> + for (; addr < end; addr += PAGE_SIZE) {
> + vm_fault_t ret;
> +
> + ret = handle_mm_fault(vma, addr, fault_flags, NULL);
> +
> + if (ret & (VM_FAULT_RETRY | VM_FAULT_COMPLETED)) {
> + /*
> + * The mmap lock has been dropped by the fault handler.
> + * Record the failing address and signal lock-drop to
> + * the caller.
> + */
> + *hmm_vma_walk->locked = 0;
> + hmm_vma_walk->last = addr;
> + return -EAGAIN;
Okay, so we'll return straight from hmm_vma_fault() to
hmm_vma_handle_pte()/hmm_vma_walk_pmd() -> walk_page_range() machinery.

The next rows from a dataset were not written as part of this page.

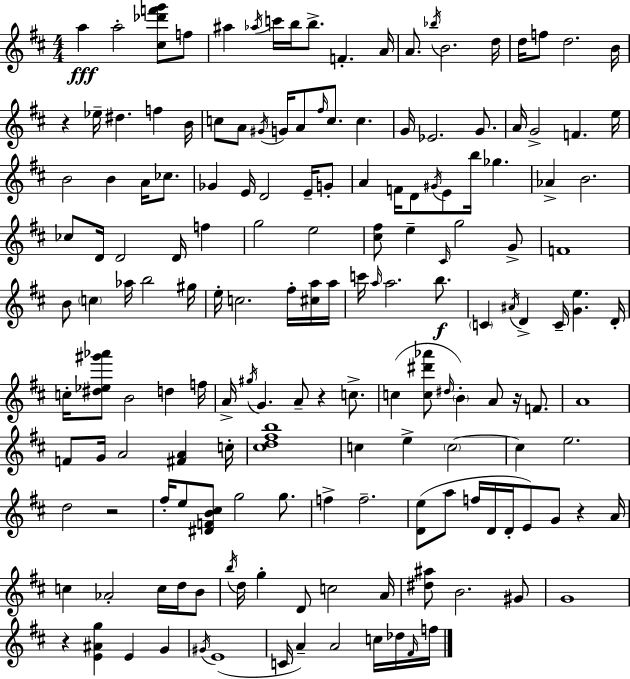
{
  \clef treble
  \numericTimeSignature
  \time 4/4
  \key d \major
  \repeat volta 2 { a''4\fff a''2-. <cis'' des''' f''' g'''>8 f''8 | ais''4 \acciaccatura { aes''16 } c'''16 b''16 b''8.-> f'4.-. | a'16 a'8. \acciaccatura { bes''16 } b'2. | d''16 d''16 f''8 d''2. | \break b'16 r4 ees''16-- dis''4. f''4 | b'16 c''8 a'8 \acciaccatura { gis'16 } g'16 a'8 \grace { fis''16 } c''8. c''4. | g'16 ees'2. | g'8. a'16 g'2-> f'4. | \break e''16 b'2 b'4 | a'16 ces''8. ges'4 e'16 d'2 | e'16-- g'8-. a'4 f'16 d'8 \acciaccatura { gis'16 } e'8 b''16 ges''4. | aes'4-> b'2. | \break ces''8 d'16 d'2 | d'16 f''4 g''2 e''2 | <cis'' fis''>8 e''4-- \grace { cis'16 } g''2 | g'8-> f'1 | \break b'8 \parenthesize c''4 aes''16 b''2 | gis''16 e''16-. c''2. | fis''16-. <cis'' a''>16 a''16 c'''16 \grace { a''16 } a''2. | b''8.\f \parenthesize c'4 \acciaccatura { ais'16 } d'4-> | \break c'16-- <g' e''>4. d'16-. c''16-. <dis'' ees'' gis''' aes'''>8 b'2 | d''4 f''16 a'16-> \acciaccatura { gis''16 } g'4. | a'8-- r4 c''8.-> c''4( <c'' dis''' aes'''>8 \grace { dis''16 }) | \parenthesize b'4-. a'8 r16 f'8. a'1 | \break f'8 g'16 a'2 | <fis' a'>4 c''16-. <cis'' d'' fis'' b''>1 | c''4 e''4-> | \parenthesize c''2~~ c''4 e''2. | \break d''2 | r2 fis''16-. e''8 <dis' f' b' cis''>8 g''2 | g''8. f''4-> f''2.-- | <d' e''>8( a''8 f''16 d'16 | \break d'16-. e'8) g'8 r4 a'16 c''4 aes'2-. | c''16 d''16 b'8 \acciaccatura { b''16 } d''16 g''4-. | d'8 c''2 a'16 <dis'' ais''>8 b'2. | gis'8 g'1 | \break r4 <e' ais' g''>4 | e'4 g'4 \acciaccatura { gis'16 }( e'1 | c'16 a'4--) | a'2 c''16 des''16 \grace { fis'16 } f''16 } \bar "|."
}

Hopefully we don't refer to the MM/VMA on any path there? It would be nicer if
the hmm_vma_fault() could be called by the caller of walk_page_range(), but
that's tricky I guess, as hmm_vma_fault() consumes the walk structure and
requires the vma in there.
Note: am I wrong, or is hmm_vma_fault() really always called with
required_fault=true?
> + }
> +
> + if (ret & VM_FAULT_ERROR)
> return -EFAULT;
> + }
> return -EBUSY;
> }
>
> @@ -566,6 +585,17 @@ static int hmm_vma_walk_hugetlb_entry(pte_t *pte,
> unsigned long hmask,
> if (required_fault) {
> int ret;
>
> + /*
> + * Faulting hugetlb pages on the unlockable path is not
> + * supported. The walk framework holds hugetlb_vma_lock_read
> + * which must be dropped before handle_mm_fault, but if the
> + * mmap lock is also dropped (VM_FAULT_RETRY), the vma may
> + * be freed and the walk framework's unconditional unlock
> + * becomes a use-after-free.
> + */
> + if (hmm_vma_walk->locked)
> + return -EFAULT;
Just because it's unlockable doesn't mean that you must unlock. Can't this be
kept working as is, just simulating here as if it would not be unlockable?
--
Cheers,
David